One request becomes twenty specialist workers. The work is already prepared by the time you ask.

Background cognition instead of foreground token burn.

Live Demo · Demo Source · Architecture Diagram · Architecture Docs · X Launch Posts · System Handoff

Alfred personal AI system preparing work across laptop and phone

View the system architecture diagram

Alfred is a personal AI Agent system that prepares your work memory in the background, then uses local models, file maps, and concurrent workers to find files, read images, summarize documents, prepare meetings, and finish complex tasks faster and safer across the interfaces you already use.

This repository is the clean open-source reference architecture for the Alfred system.
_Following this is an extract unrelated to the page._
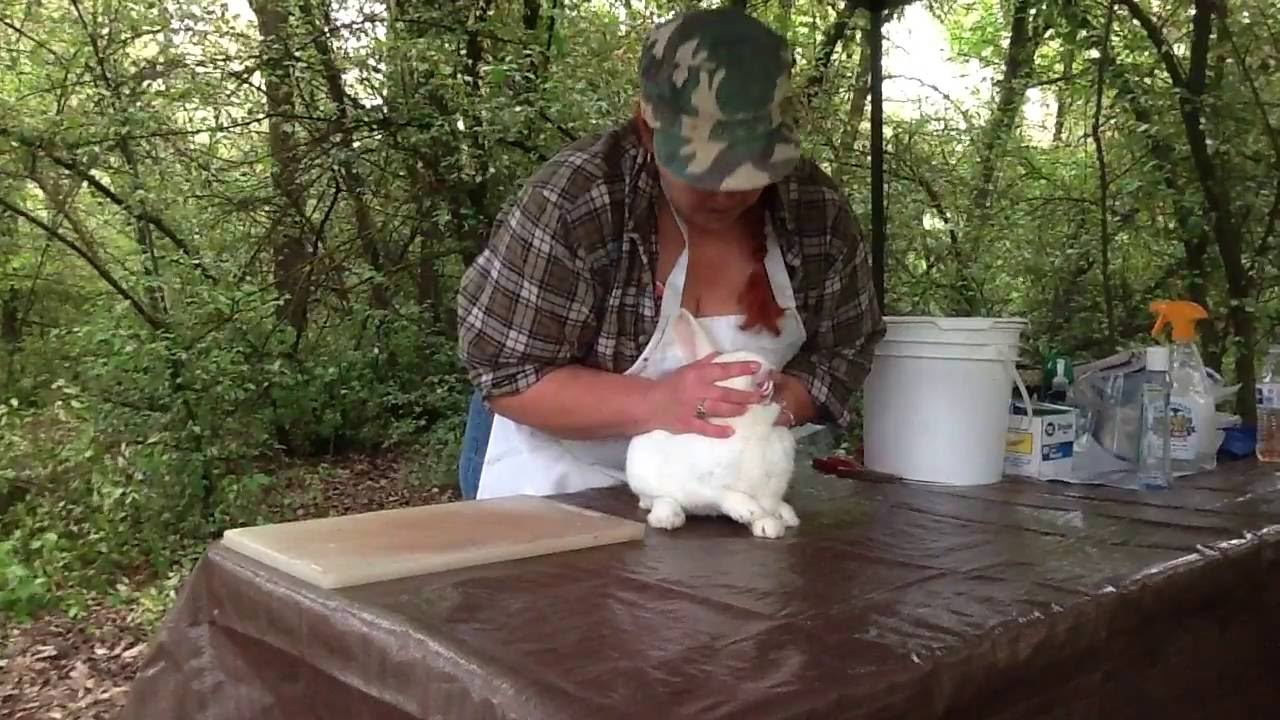 How To Butcher A Rabbit 1Of 3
It does not include private user data, production secrets, LINE tokens, Google OAuth tokens, private databases, or proprietary deployment files.

What Alfred Does

Alfred turns one request into a coordinated team of specialist workers.
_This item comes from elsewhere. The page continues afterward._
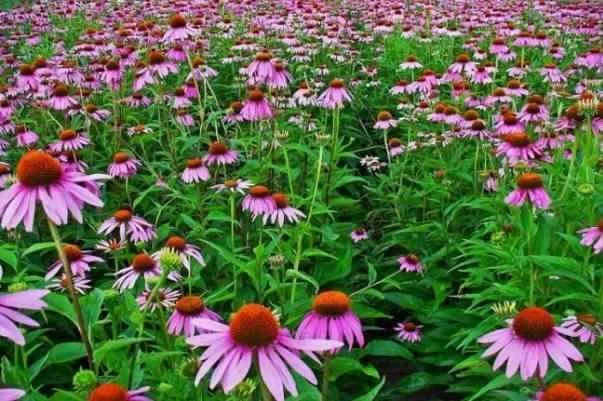 Продам Ехінацею сушену подрібнену- фото № 2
Instead of asking one chatbot to improvise an answer, Alfred prepares the user's work world in the background:

  • indexes files
  • extracts text and images
  • builds summaries
  • links meetings, calendar, messages, and documents
  • remembers preferences and unresolved commitments
  • routes requests through Afu Brain
  • runs parallel specialist workers when a task is complex
  • prepares real actions while blocking risky final submission

The user experience should feel simple:

Ask once.
Alfred already knows where to look.
Twenty Afu workers prepare the answer in parallel.
The result arrives as usable work, not raw chat.
Risky actions wait for approval.

Why It Matters

Most personal AI tools are still foreground chat interfaces. They wait for a question, gather context slowly, spend tokens, and often return a polished but unverified answer.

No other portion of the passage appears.